I have no idea how to post a document or make it a link.  This should calm Jerry and Sautee with some facts about sows and cub orphanage.

-Cubs at 5.5 months and as little as 18 pounds are self sufficient.  50% being an acceptable survivorship rate.  
-41 cubs orphaned per year on average makes up less than 2% of cub mortality due to natural causes.
-55% of females harvested in spring seasons were between the age of 2-5.  86% of those females had never had a litter.  
-food quality and availability largely influence reproductive potential in an independent-density manner. (Beecham 1980,  McLaughlin et al. 1994, Miller 1994, Samson and Huot 1995)
-probability of a 77 pound female ovulating is 36%.  No females were recorded under that weight.
-94% of females weighing 176 pounds had young the following spring
-0% of the females weighing less than 147 pounds had young the following spring.
- low lactation rate (6%) of 4 year old females indicates difficulty of young females reaching threshold fall weight required to successfully raise a litter. (Observed by Jolicoeur and Lemieux 1994)

Just a few high points of statistical data by real scientists.  This is in Ontario and it states that data is consistent with a number of other research articles and list a bunch that everyone can read for themselves.


----------



## Joe Brandon (Oct 9, 2019)

I want to personally apologize for my sarcasm and ego. As others have said we have to stick together. This is obviously such a passionate issue, I'm sure it will get worked out. Again I appreciate you guys and have learned so much from so many of you.


----------



## Heath (Oct 9, 2019)

Joe Brandon said:


> I want to personally apologize for my sarcasm and ego. As others have said we have to stick together. This is obviously such a passionate issue, I'm sure it will get worked out. Again I appreciate you guys and have learned so much from so many of you.



Heck, I’m the worst one.  My wife says I’m relentless.  We all in this together, share and let a neighbor enjoy his way and you enjoy yours.  I apologize as well for losing focus and slipping in digs occasionally.


----------



## Al Medcalf (Oct 9, 2019)

No apologies from me, I learned a long time ago not to say something that I don't mean


----------



## splatek (Oct 10, 2019)

NCHillbilly said:


> From what I've read, they have found that relocating problem bears doesn't work well anyway. They have a very well-developed homing instinct and usually make their way right back to where they were originally trapped.



^^ If those data/intuitions are correct, then many of the bear that were maybe run off Chestatee and Chattahoochee will make their way back after they stop hearing and fearing hounds...? Maybe...? 

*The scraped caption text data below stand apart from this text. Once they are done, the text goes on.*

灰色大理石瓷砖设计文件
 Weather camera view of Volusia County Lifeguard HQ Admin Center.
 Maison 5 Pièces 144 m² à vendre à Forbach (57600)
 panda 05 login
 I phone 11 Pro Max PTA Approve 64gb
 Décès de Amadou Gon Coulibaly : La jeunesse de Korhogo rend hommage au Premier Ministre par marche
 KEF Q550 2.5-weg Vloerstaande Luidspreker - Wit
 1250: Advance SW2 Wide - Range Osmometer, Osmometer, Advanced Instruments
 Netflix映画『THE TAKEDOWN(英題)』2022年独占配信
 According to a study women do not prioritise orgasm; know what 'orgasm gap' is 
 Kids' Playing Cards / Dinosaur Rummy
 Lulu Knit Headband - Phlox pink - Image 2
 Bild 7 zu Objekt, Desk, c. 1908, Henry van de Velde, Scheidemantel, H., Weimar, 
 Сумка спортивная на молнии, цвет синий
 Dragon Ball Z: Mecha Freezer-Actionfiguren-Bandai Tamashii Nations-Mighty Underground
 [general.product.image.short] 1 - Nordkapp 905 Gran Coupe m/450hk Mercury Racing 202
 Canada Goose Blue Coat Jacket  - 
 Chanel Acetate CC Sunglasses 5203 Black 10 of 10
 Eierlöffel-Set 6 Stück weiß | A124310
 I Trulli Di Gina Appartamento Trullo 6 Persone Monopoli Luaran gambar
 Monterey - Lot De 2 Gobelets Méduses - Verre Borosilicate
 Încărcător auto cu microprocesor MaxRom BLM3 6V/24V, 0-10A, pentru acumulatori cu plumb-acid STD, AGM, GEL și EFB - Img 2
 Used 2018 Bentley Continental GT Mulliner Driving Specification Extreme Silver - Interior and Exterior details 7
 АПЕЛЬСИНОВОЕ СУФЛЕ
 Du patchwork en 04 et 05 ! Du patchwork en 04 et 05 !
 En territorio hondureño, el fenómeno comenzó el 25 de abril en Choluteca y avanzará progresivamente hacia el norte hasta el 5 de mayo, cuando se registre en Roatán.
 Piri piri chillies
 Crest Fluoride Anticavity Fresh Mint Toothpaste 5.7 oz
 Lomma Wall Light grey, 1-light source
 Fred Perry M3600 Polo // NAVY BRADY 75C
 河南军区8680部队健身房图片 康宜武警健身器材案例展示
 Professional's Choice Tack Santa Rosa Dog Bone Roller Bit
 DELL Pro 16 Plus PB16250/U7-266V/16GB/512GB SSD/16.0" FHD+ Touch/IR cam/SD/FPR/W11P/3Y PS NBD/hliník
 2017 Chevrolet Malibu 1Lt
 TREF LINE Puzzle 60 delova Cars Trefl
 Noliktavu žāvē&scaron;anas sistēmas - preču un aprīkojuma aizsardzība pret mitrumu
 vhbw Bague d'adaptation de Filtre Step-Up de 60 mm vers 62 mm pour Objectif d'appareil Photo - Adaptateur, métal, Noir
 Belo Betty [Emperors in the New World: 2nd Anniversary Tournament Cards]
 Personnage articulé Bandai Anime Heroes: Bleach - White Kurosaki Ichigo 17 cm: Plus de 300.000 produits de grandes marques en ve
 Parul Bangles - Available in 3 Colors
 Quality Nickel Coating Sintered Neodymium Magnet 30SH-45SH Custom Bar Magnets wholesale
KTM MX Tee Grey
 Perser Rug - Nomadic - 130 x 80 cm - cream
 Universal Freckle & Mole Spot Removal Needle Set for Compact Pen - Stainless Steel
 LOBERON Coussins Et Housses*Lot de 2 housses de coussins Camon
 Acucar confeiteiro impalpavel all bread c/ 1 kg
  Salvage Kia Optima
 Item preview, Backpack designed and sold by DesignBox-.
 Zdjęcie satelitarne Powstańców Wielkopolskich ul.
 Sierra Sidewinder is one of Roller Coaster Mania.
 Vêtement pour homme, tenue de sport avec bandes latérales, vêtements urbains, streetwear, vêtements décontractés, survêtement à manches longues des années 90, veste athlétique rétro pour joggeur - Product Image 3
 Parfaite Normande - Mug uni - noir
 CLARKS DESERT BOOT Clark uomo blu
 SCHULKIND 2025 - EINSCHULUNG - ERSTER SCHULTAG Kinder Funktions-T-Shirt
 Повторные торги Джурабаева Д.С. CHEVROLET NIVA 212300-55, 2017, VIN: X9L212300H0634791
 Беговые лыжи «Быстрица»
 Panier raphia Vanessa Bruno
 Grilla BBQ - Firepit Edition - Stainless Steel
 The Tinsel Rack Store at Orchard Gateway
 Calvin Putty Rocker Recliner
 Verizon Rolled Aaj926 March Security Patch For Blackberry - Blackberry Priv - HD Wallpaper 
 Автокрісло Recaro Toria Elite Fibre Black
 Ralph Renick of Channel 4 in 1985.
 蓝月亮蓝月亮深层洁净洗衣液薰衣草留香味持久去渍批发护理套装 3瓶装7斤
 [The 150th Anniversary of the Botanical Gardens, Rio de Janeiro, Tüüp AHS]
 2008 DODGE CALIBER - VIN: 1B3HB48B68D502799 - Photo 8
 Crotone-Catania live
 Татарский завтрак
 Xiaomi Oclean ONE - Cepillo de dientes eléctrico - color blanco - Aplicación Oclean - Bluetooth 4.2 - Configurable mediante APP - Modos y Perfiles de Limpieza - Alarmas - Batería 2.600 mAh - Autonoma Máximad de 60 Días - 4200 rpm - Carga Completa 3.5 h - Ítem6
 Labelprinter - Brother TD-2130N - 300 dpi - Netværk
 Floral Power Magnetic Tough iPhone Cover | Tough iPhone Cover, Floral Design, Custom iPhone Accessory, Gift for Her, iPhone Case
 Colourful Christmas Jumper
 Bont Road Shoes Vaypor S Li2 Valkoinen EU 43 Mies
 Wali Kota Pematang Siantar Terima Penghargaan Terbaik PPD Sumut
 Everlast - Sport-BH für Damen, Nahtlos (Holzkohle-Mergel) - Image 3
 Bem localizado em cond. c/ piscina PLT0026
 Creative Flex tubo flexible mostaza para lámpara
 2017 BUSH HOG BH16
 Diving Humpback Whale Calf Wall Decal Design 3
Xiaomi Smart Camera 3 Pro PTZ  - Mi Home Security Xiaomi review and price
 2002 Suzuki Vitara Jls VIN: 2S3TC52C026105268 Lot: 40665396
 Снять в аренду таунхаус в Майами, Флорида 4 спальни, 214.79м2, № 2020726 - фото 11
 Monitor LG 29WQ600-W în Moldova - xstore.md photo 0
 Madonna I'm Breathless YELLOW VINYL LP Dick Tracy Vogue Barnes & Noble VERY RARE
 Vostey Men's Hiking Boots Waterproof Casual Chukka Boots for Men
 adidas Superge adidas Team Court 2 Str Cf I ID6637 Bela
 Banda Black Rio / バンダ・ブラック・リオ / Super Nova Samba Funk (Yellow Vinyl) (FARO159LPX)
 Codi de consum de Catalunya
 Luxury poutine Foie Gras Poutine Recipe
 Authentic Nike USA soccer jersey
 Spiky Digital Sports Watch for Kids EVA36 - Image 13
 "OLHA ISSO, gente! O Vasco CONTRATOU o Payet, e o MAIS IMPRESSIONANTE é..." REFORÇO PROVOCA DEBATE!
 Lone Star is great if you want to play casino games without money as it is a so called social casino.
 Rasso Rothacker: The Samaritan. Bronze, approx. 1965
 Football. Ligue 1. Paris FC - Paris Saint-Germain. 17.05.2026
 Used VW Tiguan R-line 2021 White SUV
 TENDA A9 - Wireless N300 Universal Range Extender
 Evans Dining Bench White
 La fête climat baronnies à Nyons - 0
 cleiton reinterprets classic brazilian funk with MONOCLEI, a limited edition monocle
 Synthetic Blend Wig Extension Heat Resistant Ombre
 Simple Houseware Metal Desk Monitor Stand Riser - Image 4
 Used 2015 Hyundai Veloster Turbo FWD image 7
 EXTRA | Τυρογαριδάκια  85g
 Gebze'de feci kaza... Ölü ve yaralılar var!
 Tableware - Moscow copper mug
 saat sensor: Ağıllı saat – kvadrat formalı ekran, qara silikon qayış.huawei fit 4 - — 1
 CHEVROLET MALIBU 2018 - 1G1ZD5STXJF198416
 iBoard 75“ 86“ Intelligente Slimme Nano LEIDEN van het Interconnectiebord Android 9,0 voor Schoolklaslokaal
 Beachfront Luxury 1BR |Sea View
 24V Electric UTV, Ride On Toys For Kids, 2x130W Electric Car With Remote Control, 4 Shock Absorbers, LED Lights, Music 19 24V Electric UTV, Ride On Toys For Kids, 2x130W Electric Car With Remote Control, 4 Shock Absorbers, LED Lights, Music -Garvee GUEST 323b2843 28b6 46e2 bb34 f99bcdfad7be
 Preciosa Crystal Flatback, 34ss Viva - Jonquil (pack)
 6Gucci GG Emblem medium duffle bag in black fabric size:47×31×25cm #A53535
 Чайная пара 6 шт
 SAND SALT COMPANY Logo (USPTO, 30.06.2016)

Also, did I miss an official report that broke down how many were taken from each WMA respectively. I know a lot of the talk was about Chattahoochee, and for good reason, but me personally, I am a little more interested in Chestatee; it's a little closer to home and I know the terrain a bit better. I realize Chestatee might not be "prime" bear habitat, but seems like they will go where the food and water are. I would be really interested to hear about those data. I think I hear 61 across both, but then I thought I read 61 at Chattahoochee... If that info is out there, I would appreciate someone letter me know. Cheers!


----------



## NCMTNHunter (Oct 10, 2019)

splatek said:


> ^^ If those data/intuitions are correct, then many of the bear that were maybe run off Chestatee and Chattahoochee will make their way back after they stop hearing and fearing hounds...? Maybe...?



Bear never really leave their home range when they are being run. They go to the places where they are most comfortable. The only ones that left are the dead ones.


----------



## twincedargap (Oct 10, 2019)

It would have been nice to to have the hunts respect other use seasons, and spread out, say two widely different wma’s, not such a concentrated slaughter.


----------



## kevin17 (Oct 10, 2019)

Help me understand why a bear in general is on such a high pedestal. Any where a bear lives it is on a higher standard than other big game animals. I don’t get why they are such a sensitive subject. They smell like a dog and after skinning one it’s like you stuck your hands in a bucket of crisco. They destroy trees that produce for other wild life before it even hits the ground.


----------



## splatek (Oct 10, 2019)

NCMTNHunter said:


> Bear never really leave their home range when they are being run. They go to the places where they are most comfortable. The only ones that left are the dead ones.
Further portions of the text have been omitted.